• WHAT IS NEEDED:
Copy all entries verbatim and keep any pictures out of the copy.

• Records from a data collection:
+ + + + + + +
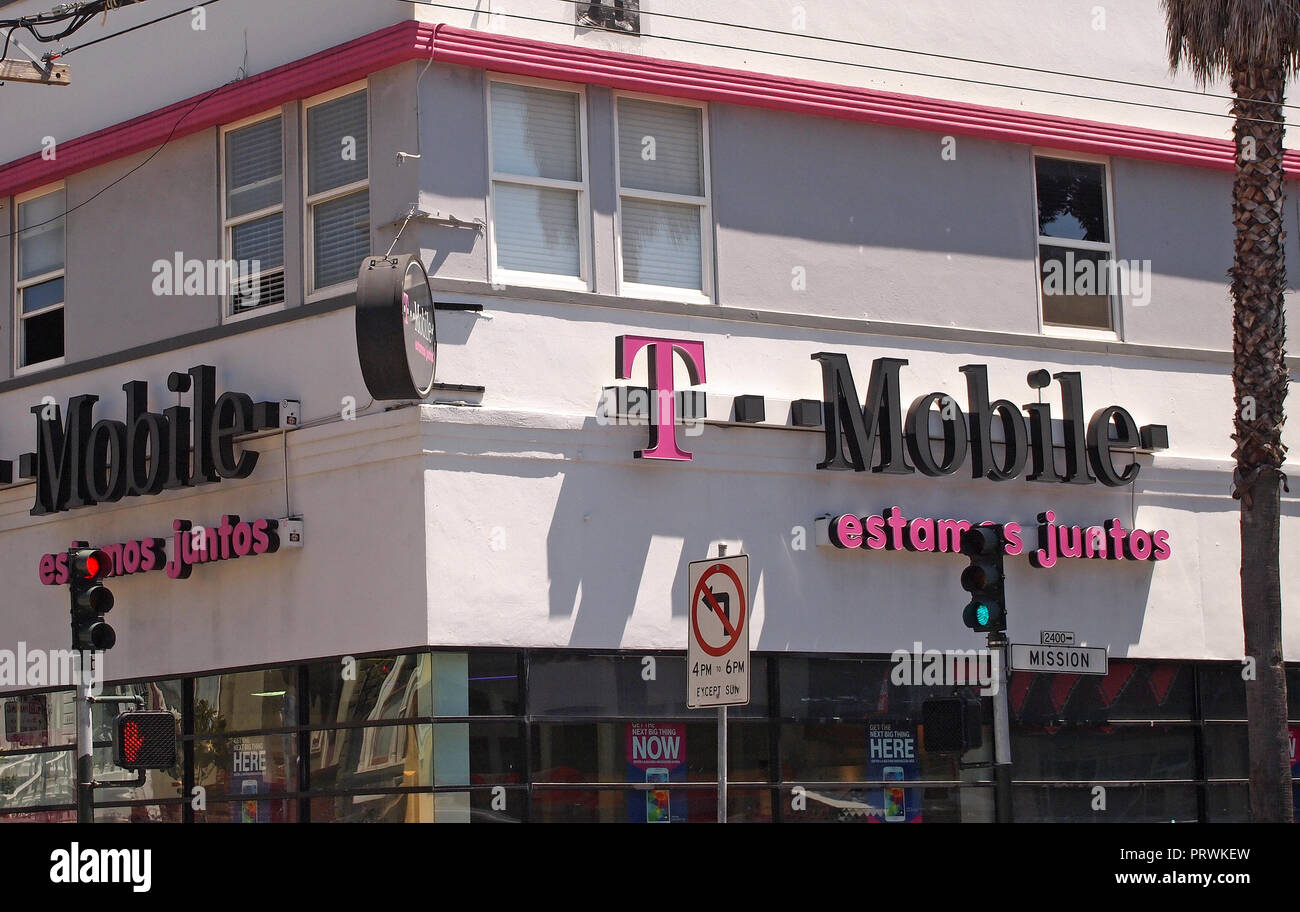 T-Mobile Store anmelden Mission District, San Francisco Stockfoto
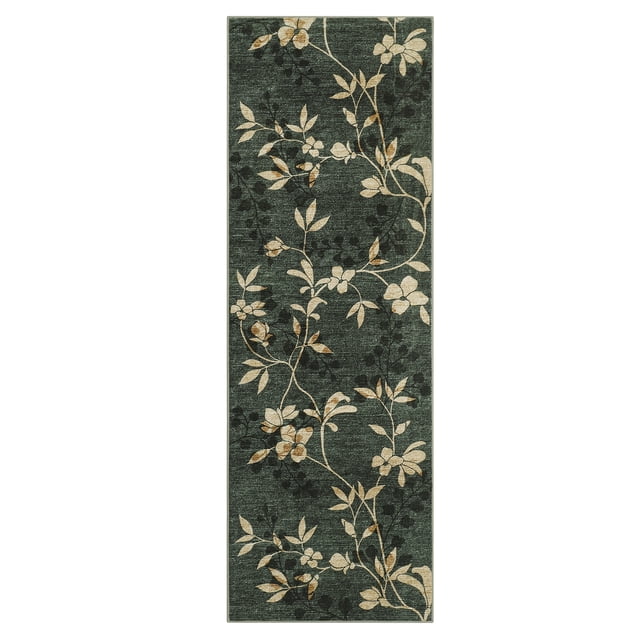 Botanical & Vintage Floral Runner Rug - Washable, Non-Slip, Soft Low Pile, Collapsible, Mark Resistant Carpet for Hallway, Kitchen, Entryway - Green, USA, 2x6ft (61x183cm)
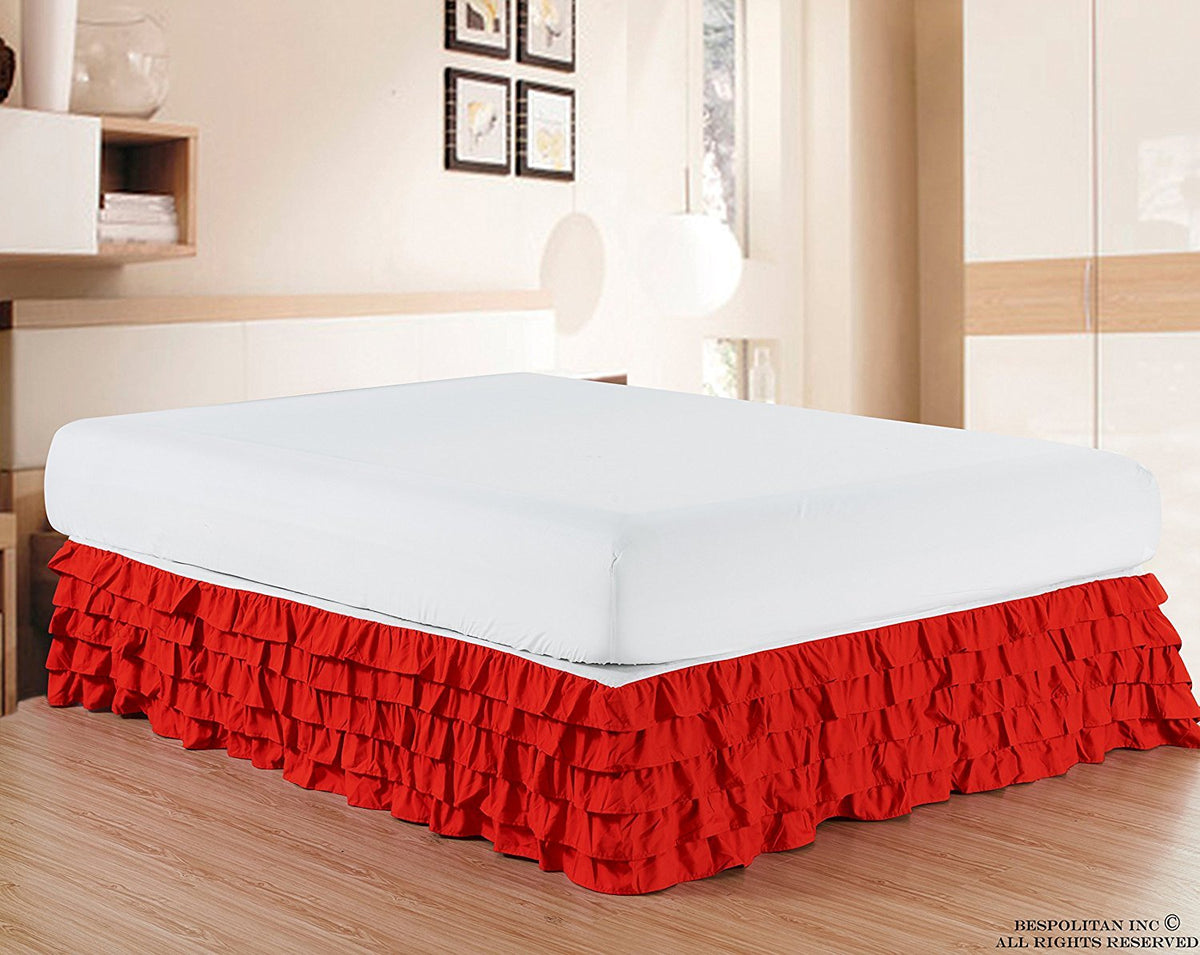 Elegant Comfort Luxurious Premium Quality 1500 Thread Count Wrinkle And Fade Resistant Egyptian Quality Microfiber Multi-Ruffle Bed Skirt - 15Inch Drop, California King, Red
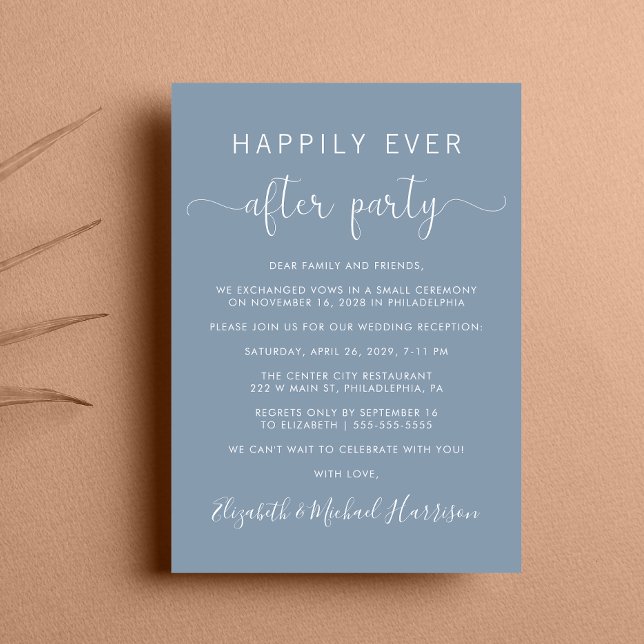 Elegant QR Code Dusty Blue Wedding Reception Invitation (From private vows to a grand party - invite family and friends to celebrate your marriage!)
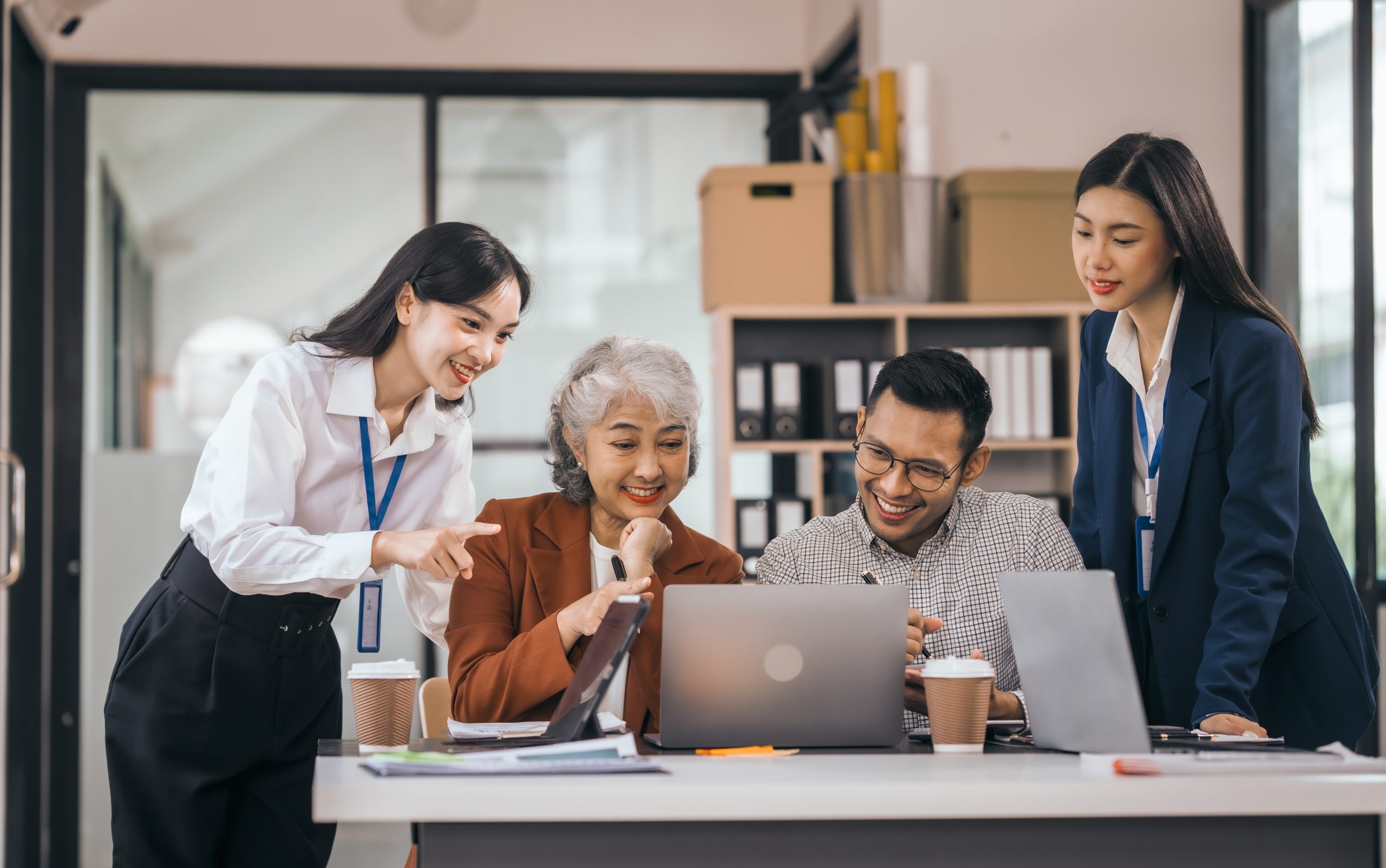asian people in office group meeting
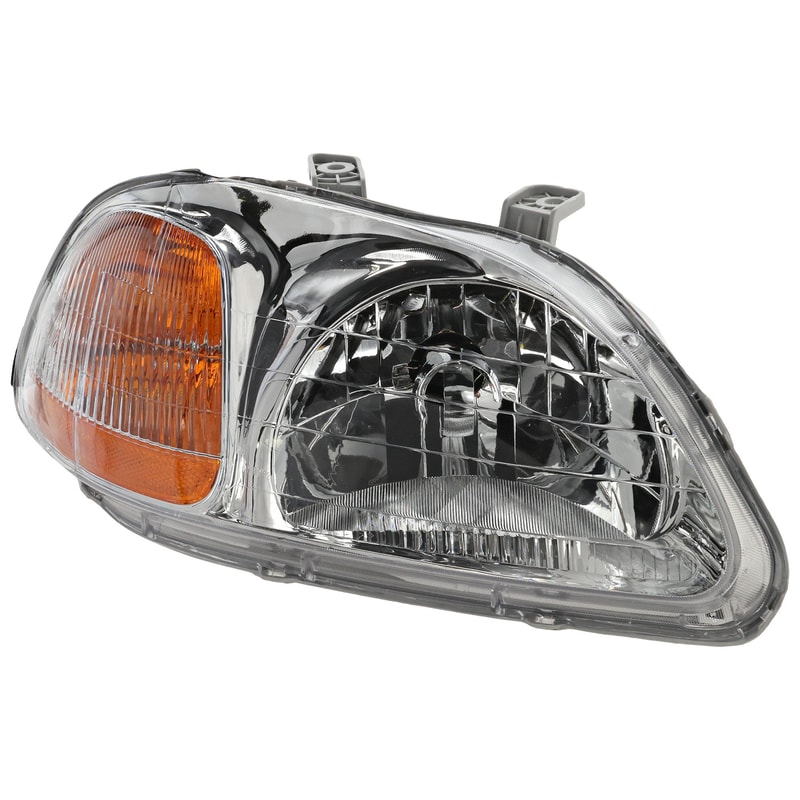 Headlight for Honda Civic 1996-1998, Right (Passenger) Side, Lens and Housing, Halogen, Replacement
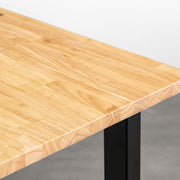 Kanademonoのラバーウッド アッシュグレー天板とブラック脚を組み合わせたシンプルモダンな大型テーブル（配線トレー付き）天板角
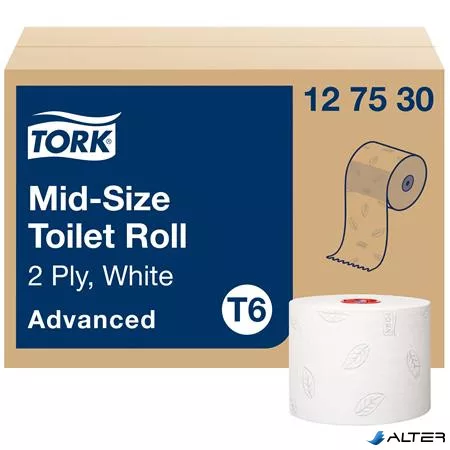 Toalettpapír, T6 rendszer, 2 rétegű, 13,2 cm átmérő, Advanced, TORK 'Mid-size', fehér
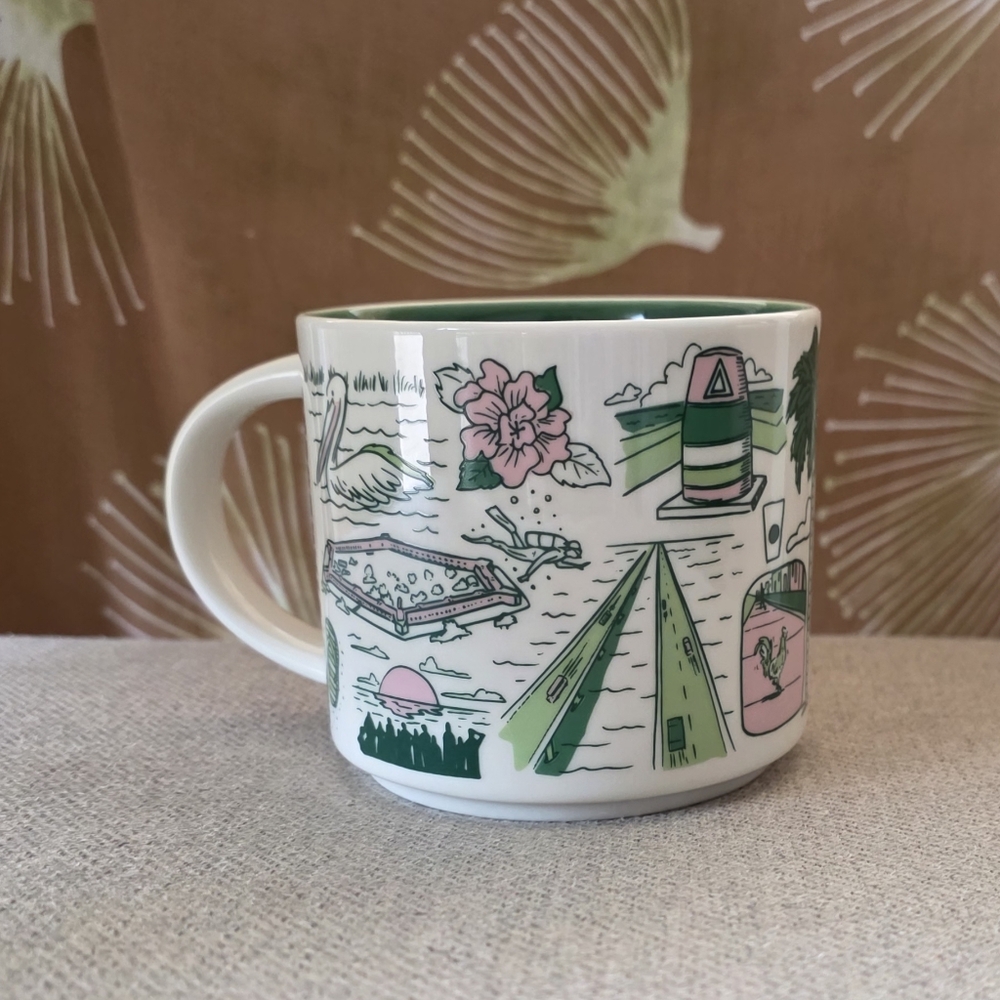 Starbucks Green and Pink Florida Keys Mug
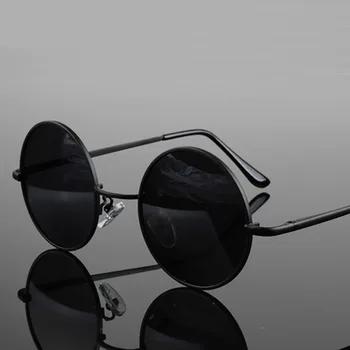 Retro Vintage Kružne Polarizirane sunčane naočale Za muškarce Marke dizajnerske Sunčane naočale Za žene Metalna okvira Crne leće za Naočale za vožnju UV400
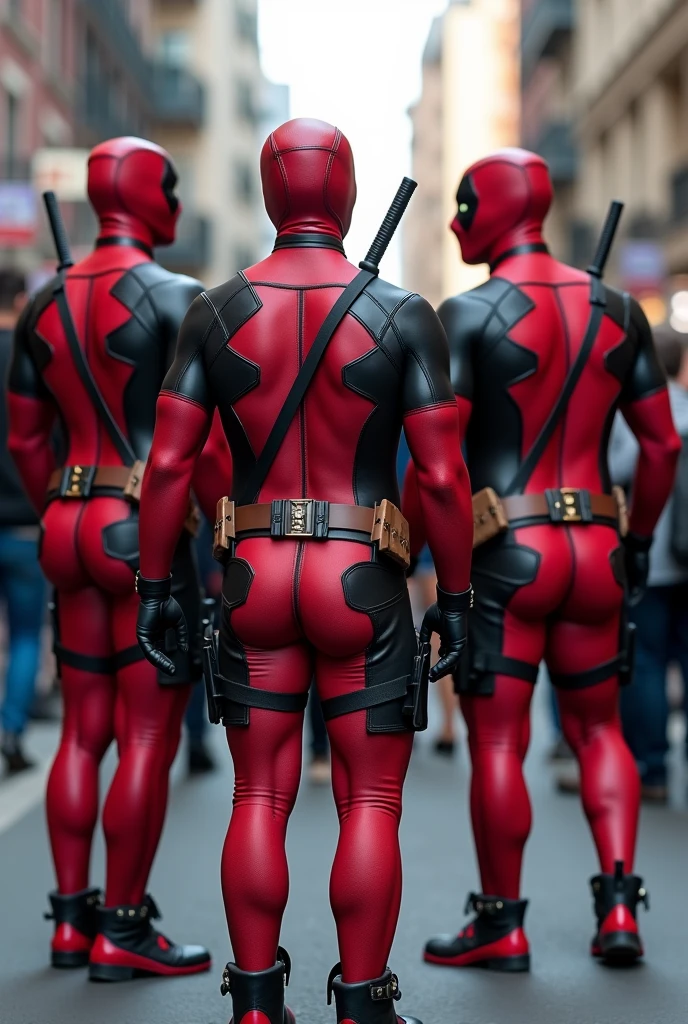 Men dressed like Deadpool with big ass and thong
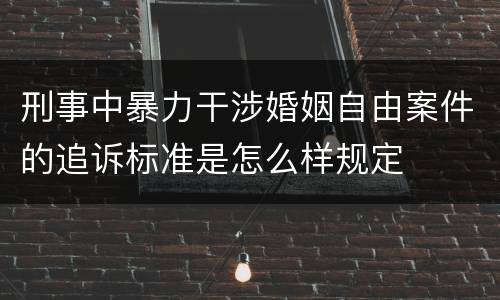 刑事中暴力干涉婚姻自由案件的追诉标准是怎么样规定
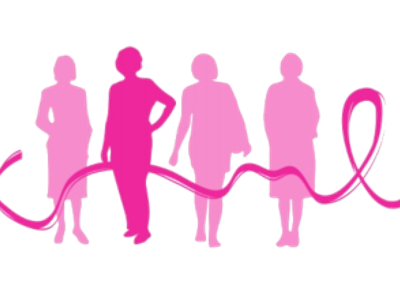 Cztery różowe profile kobiet. Przez całą szerokść obrazka wije się różowa wstążka.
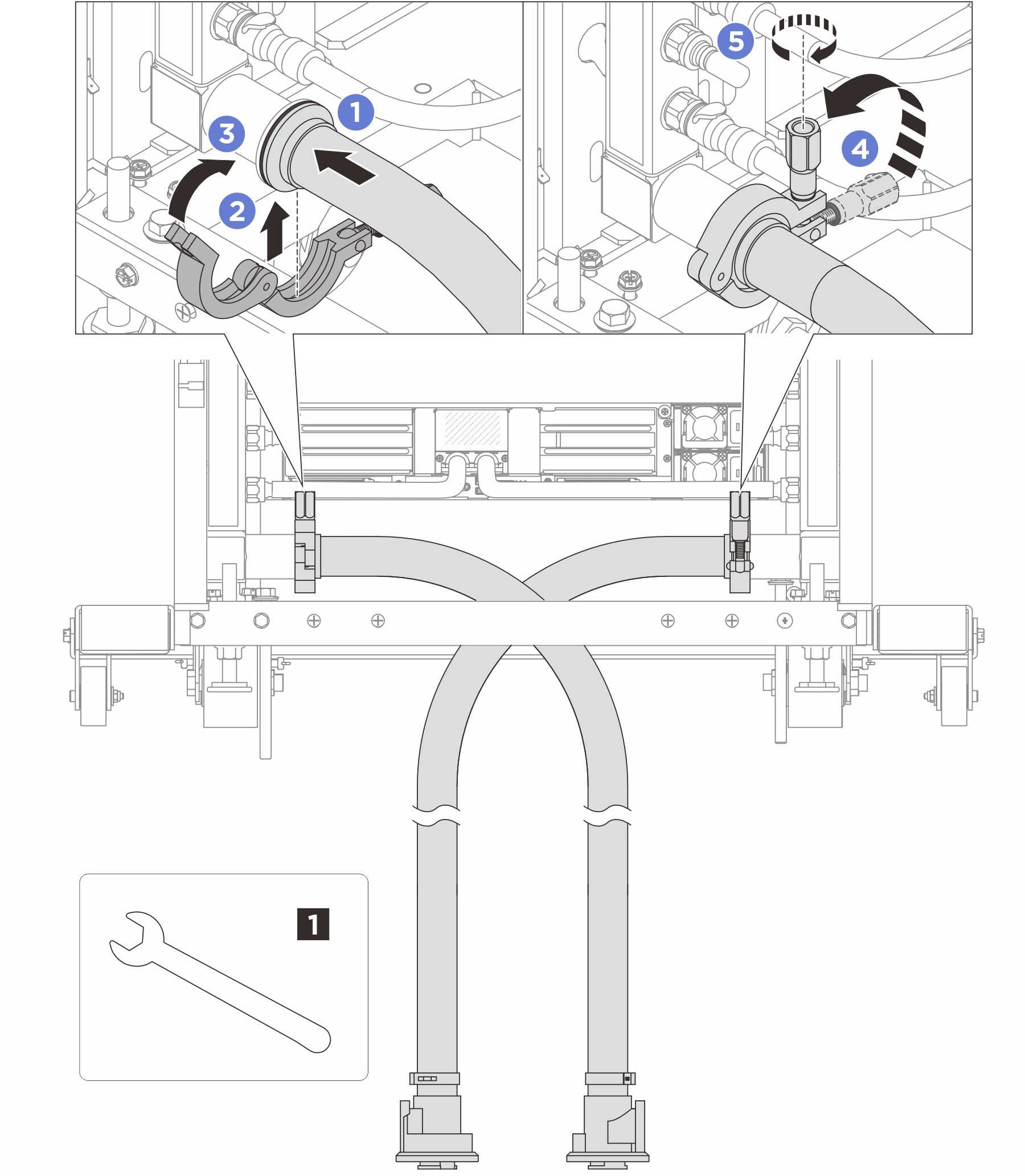Hose assembly to top quick connect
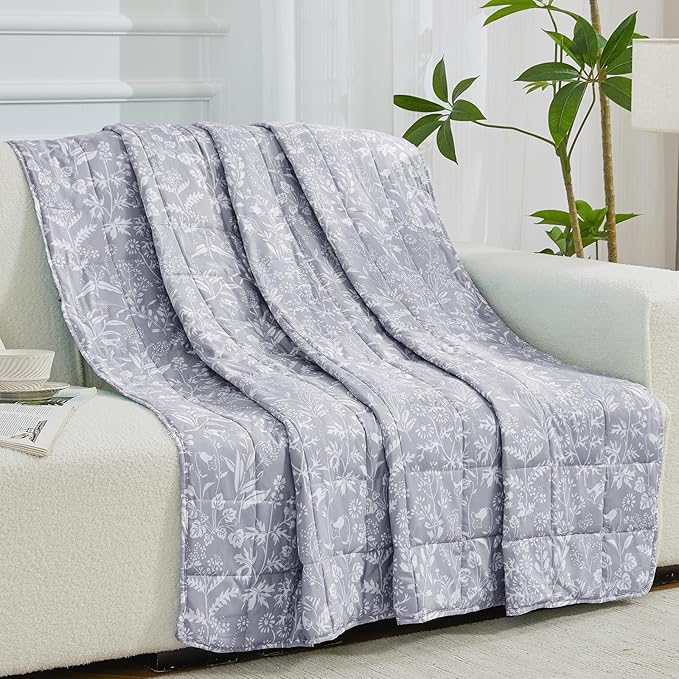 yescool Weighted Blanket for Adults (20 lbs, 60” x 80”, Pearl Grey) Cooling Heavy Blanket for Sleeping Perfect for 190-210 lbs, Queen Size Breathable Blanket with Premium Glass Bead, Machine Washable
+ + + + + + +
• ANSWER BOX:
 T-Mobile Store anmelden Mission District, San Francisco Stockfoto
 Botanical & Vintage Floral Runner Rug - Washable, Non-Slip, Soft Low Pile, Collapsible, Mark Resistant Carpet for Hallway, Kitchen, Entryway - Green, USA, 2x6ft (61x183cm)
 Elegant Comfort Luxurious Premium Quality 1500 Thread Count Wrinkle And Fade Resistant Egyptian Quality Microfiber Multi-Ruffle Bed Skirt - 15Inch Drop, California King, Red
 Elegant QR Code Dusty Blue Wedding Reception Invitation (From private vows to a grand party - invite family and friends to celebrate your marriage!)
asian people in office group meeting
 Headlight for Honda Civic 1996-1998, Right (Passenger) Side, Lens and Housing, Halogen, Replacement
 Kanademonoのラバーウッド アッシュグレー天板とブラック脚を組み合わせたシンプルモダンな大型テーブル（配線トレー付き）天板角
 Toalettpapír, T6 rendszer, 2 rétegű, 13,2 cm átmérő, Advanced, TORK 'Mid-size', fehér
 Starbucks Green and Pink Florida Keys Mug
 Retro Vintage Kružne Polarizirane sunčane naočale Za muškarce Marke dizajnerske Sunčane naočale Za žene Metalna okvira Crne leće za Naočale za vožnju UV400
 Men dressed like Deadpool with big ass and thong
 刑事中暴力干涉婚姻自由案件的追诉标准是怎么样规定
 Cztery różowe profile kobiet. Przez całą szerokść obrazka wije się różowa wstążka.
Hose assembly to top quick connect
 yescool Weighted Blanket for Adults (20 lbs, 60” x 80”, Pearl Grey) Cooling Heavy Blanket for Sleeping Perfect for 190-210 lbs, Queen Size Breathable Blanket with Premium Glass Bead, Machine Washable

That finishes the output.